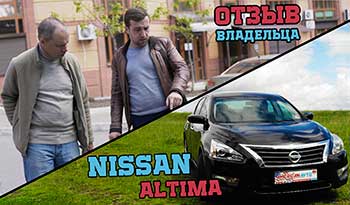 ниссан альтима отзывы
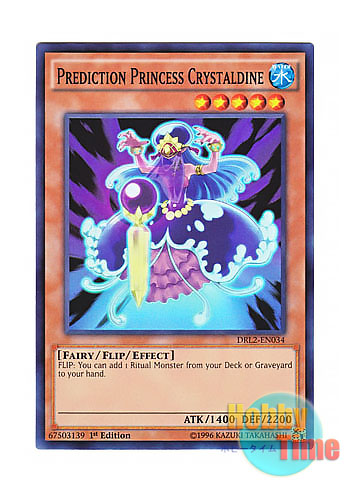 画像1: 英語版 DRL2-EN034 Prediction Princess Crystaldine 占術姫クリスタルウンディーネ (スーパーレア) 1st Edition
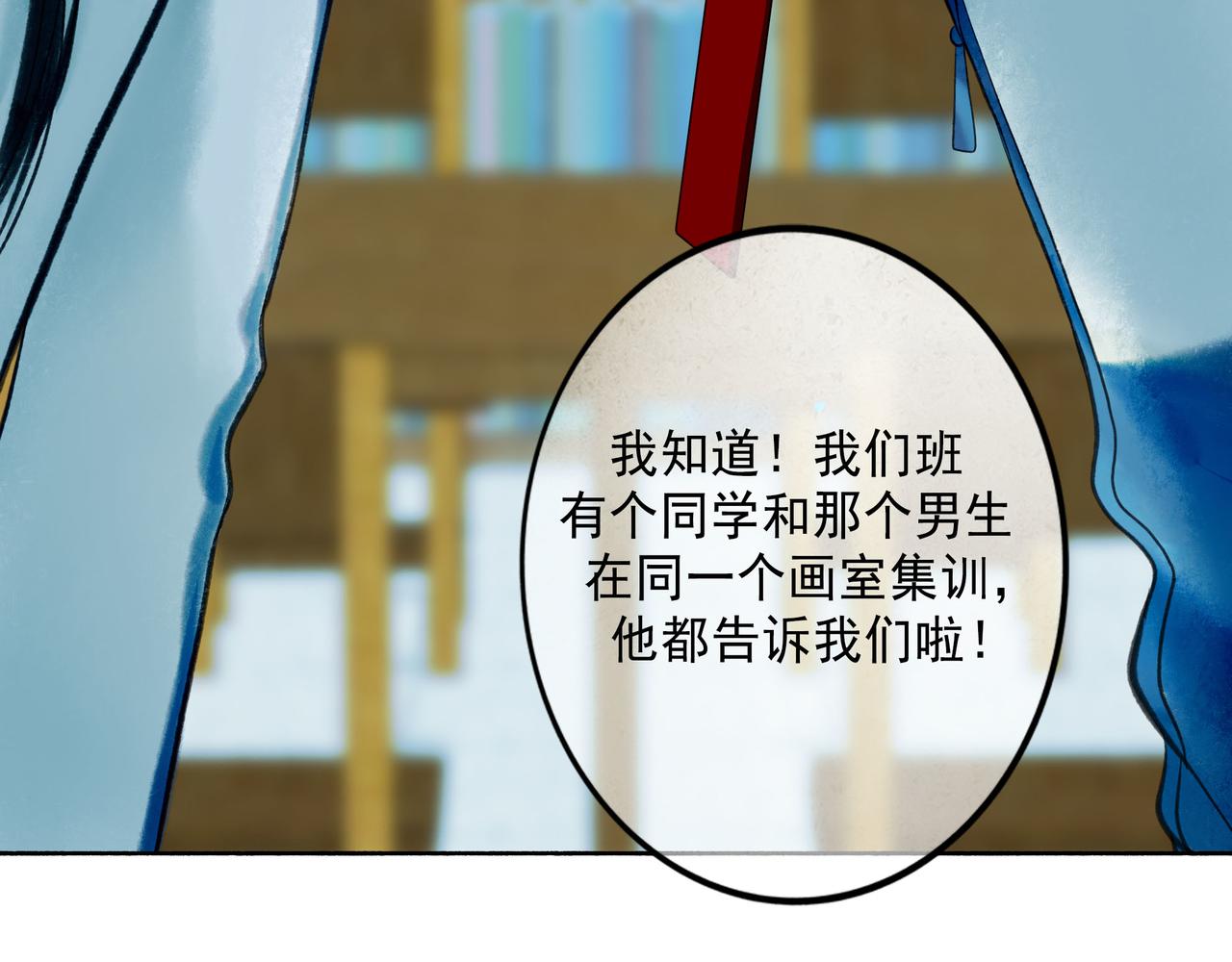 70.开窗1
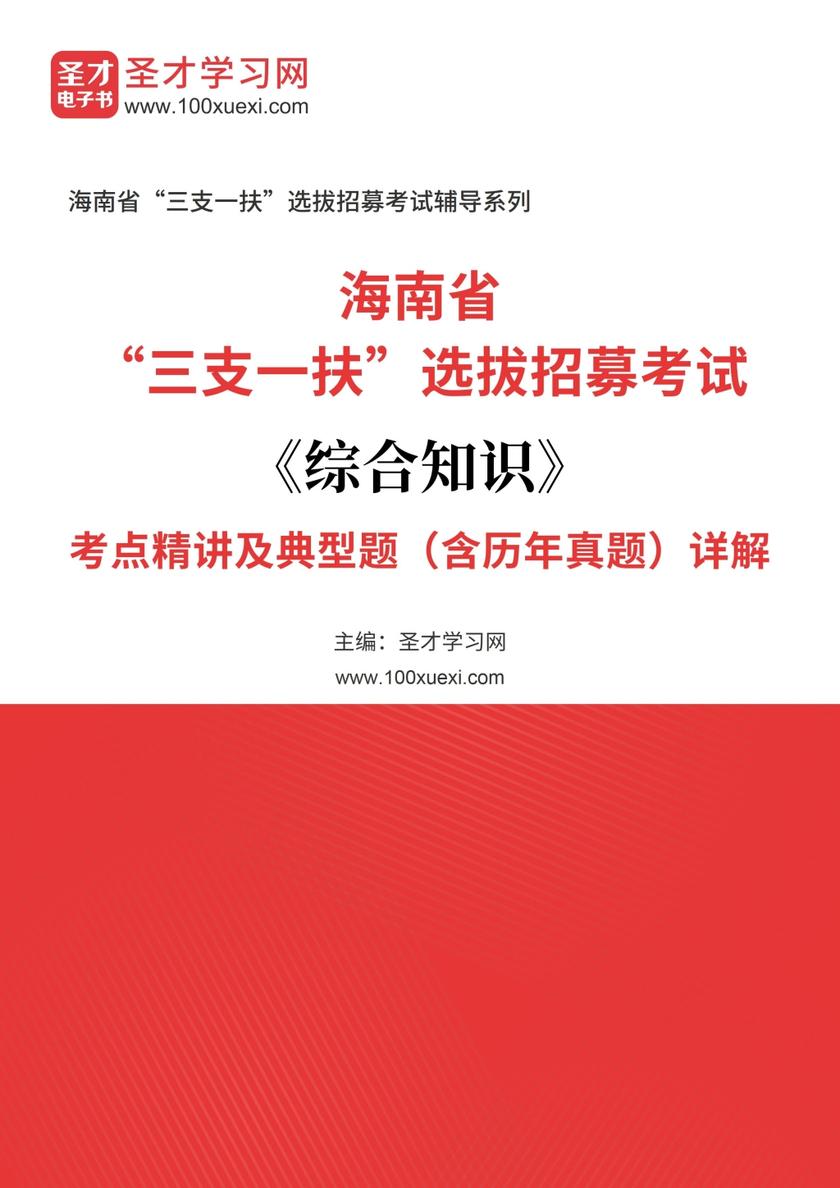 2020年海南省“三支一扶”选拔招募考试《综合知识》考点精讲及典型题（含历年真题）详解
================================
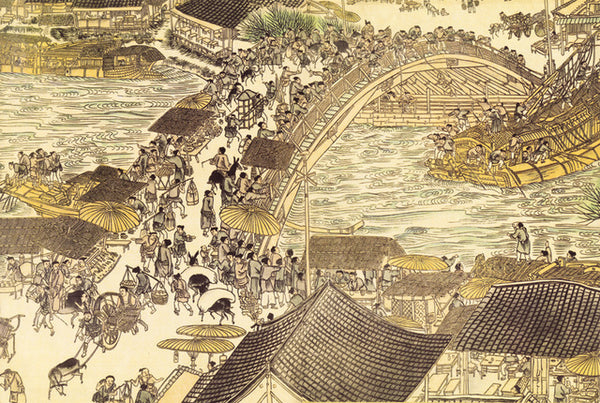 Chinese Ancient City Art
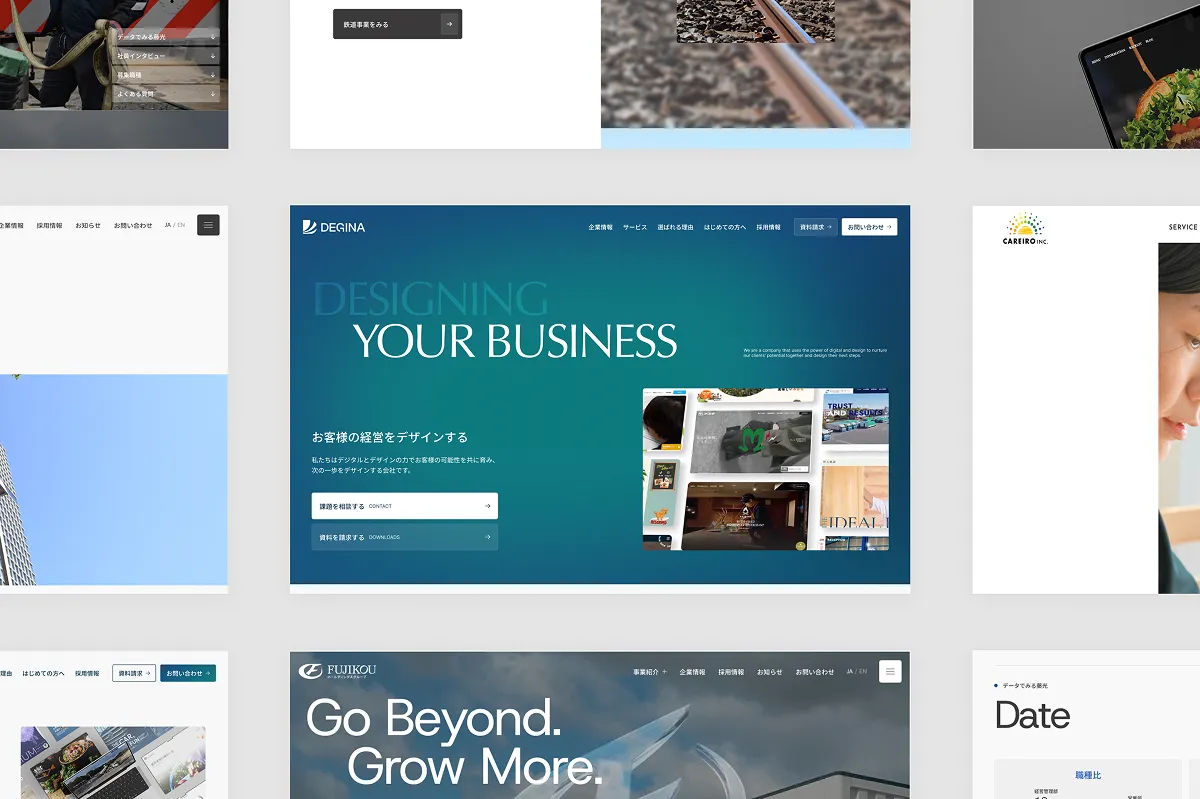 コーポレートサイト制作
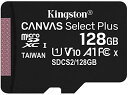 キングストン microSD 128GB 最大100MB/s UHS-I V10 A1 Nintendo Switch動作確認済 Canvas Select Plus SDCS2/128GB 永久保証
================================
## What you will do
Please return the material above only from the line that holds "Chinese Ancient City Art" through the line that holds "キングストン microSD 128GB", exactly as it stands, ends included and pictures omitted.

## Solution for this task
 Chinese Ancient City Art
 コーポレートサイト制作
 キングストン microSD 128GB 最大100MB/s UHS-I V10 A1 Nintendo Switch動作確認済 Canvas Select Plus SDCS2/128GB 永久保証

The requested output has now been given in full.